* _Data shown_
- - -

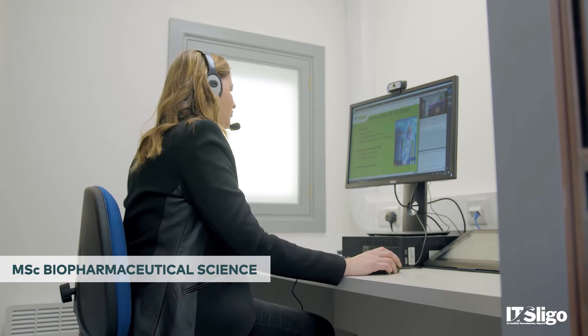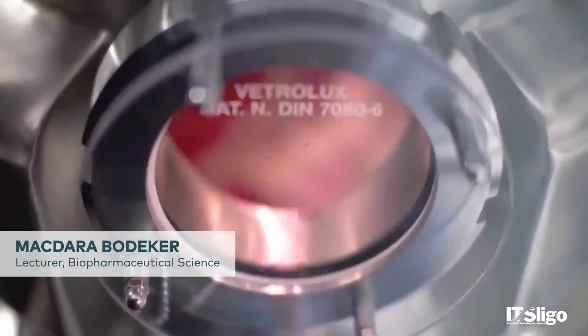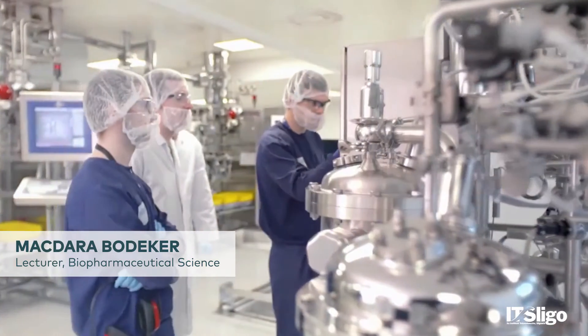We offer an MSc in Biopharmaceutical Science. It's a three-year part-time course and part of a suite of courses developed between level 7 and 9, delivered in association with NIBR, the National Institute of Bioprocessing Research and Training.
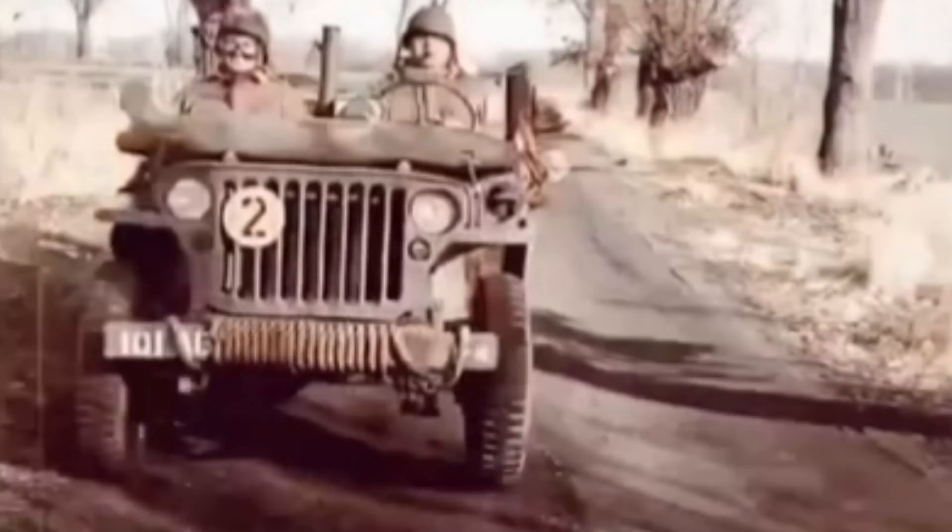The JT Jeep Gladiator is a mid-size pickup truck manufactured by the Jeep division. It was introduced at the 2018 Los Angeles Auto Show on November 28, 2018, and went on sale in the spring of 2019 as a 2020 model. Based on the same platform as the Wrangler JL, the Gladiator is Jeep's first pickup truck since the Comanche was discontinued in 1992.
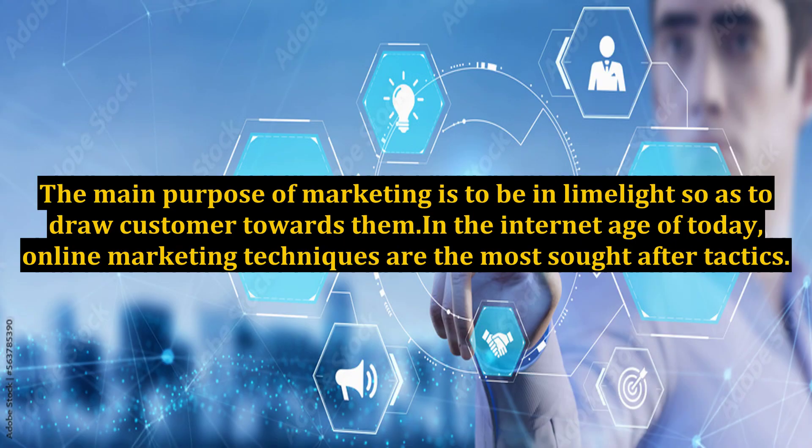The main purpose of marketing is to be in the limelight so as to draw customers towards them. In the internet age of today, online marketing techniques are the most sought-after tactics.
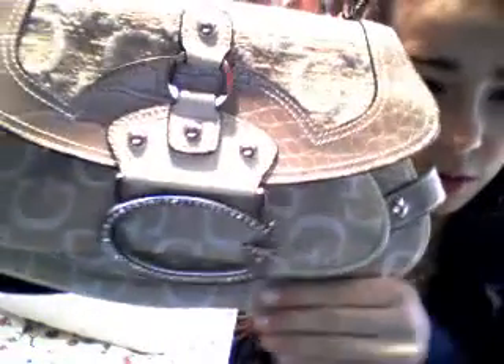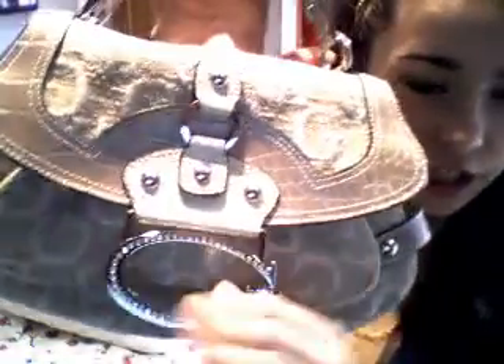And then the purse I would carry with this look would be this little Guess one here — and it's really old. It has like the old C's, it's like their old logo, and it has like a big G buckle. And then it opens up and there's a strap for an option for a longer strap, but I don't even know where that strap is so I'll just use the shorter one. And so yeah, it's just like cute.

- - -

* _Exercise goal_
Your copy should hold exactly and only the lines from the one containing "The main purpose" through the end of the material, inclusive, repeated word for word and without pictures.

* _Exercise answer_
The main purpose of marketing is to be in the limelight so as to draw customers towards them. In the internet age of today, online marketing techniques are the most sought-after tactics.
And then the purse I would carry with this look would be this little Guess one here — and it's really old. It has like the old C's, it's like their old logo, and it has like a big G buckle. And then it opens up and there's a strap for an option for a longer strap, but I don't even know where that strap is so I'll just use the shorter one. And so yeah, it's just like cute.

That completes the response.